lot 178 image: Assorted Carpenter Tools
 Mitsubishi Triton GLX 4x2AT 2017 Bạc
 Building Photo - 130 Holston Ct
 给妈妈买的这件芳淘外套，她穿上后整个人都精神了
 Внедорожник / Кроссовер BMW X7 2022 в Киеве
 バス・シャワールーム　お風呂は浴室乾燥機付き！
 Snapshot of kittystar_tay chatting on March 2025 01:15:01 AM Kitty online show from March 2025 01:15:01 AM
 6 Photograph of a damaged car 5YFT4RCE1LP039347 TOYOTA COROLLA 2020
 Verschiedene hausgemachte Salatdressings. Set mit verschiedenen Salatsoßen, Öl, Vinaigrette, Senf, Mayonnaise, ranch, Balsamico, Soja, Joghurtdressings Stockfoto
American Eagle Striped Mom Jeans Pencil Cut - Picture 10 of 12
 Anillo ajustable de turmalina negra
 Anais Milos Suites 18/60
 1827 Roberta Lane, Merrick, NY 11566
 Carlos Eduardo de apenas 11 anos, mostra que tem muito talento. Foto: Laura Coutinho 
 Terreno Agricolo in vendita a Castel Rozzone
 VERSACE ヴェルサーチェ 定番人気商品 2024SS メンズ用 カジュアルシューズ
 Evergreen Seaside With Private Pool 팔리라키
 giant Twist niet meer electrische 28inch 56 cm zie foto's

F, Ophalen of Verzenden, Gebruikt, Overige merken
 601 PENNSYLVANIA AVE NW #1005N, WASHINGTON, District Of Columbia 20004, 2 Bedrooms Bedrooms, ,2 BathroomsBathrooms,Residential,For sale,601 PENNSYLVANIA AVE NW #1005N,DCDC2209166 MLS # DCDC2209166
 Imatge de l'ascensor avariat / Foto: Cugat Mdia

**Exercise requirements**
The answer must contain only the lines from the one with "Anais Milos Suites 18/60" to the end of the entries above, each written out exactly.

**Response for this exercise**
 Anais Milos Suites 18/60
 1827 Roberta Lane, Merrick, NY 11566
 Carlos Eduardo de apenas 11 anos, mostra que tem muito talento. Foto: Laura Coutinho 
 Terreno Agricolo in vendita a Castel Rozzone
 VERSACE ヴェルサーチェ 定番人気商品 2024SS メンズ用 カジュアルシューズ
 Evergreen Seaside With Private Pool 팔리라키
 giant Twist niet meer electrische 28inch 56 cm zie foto's

F, Ophalen of Verzenden, Gebruikt, Overige merken
 601 PENNSYLVANIA AVE NW #1005N, WASHINGTON, District Of Columbia 20004, 2 Bedrooms Bedrooms, ,2 BathroomsBathrooms,Residential,For sale,601 PENNSYLVANIA AVE NW #1005N,DCDC2209166 MLS # DCDC2209166
 Imatge de l'ascensor avariat / Foto: Cugat Mdia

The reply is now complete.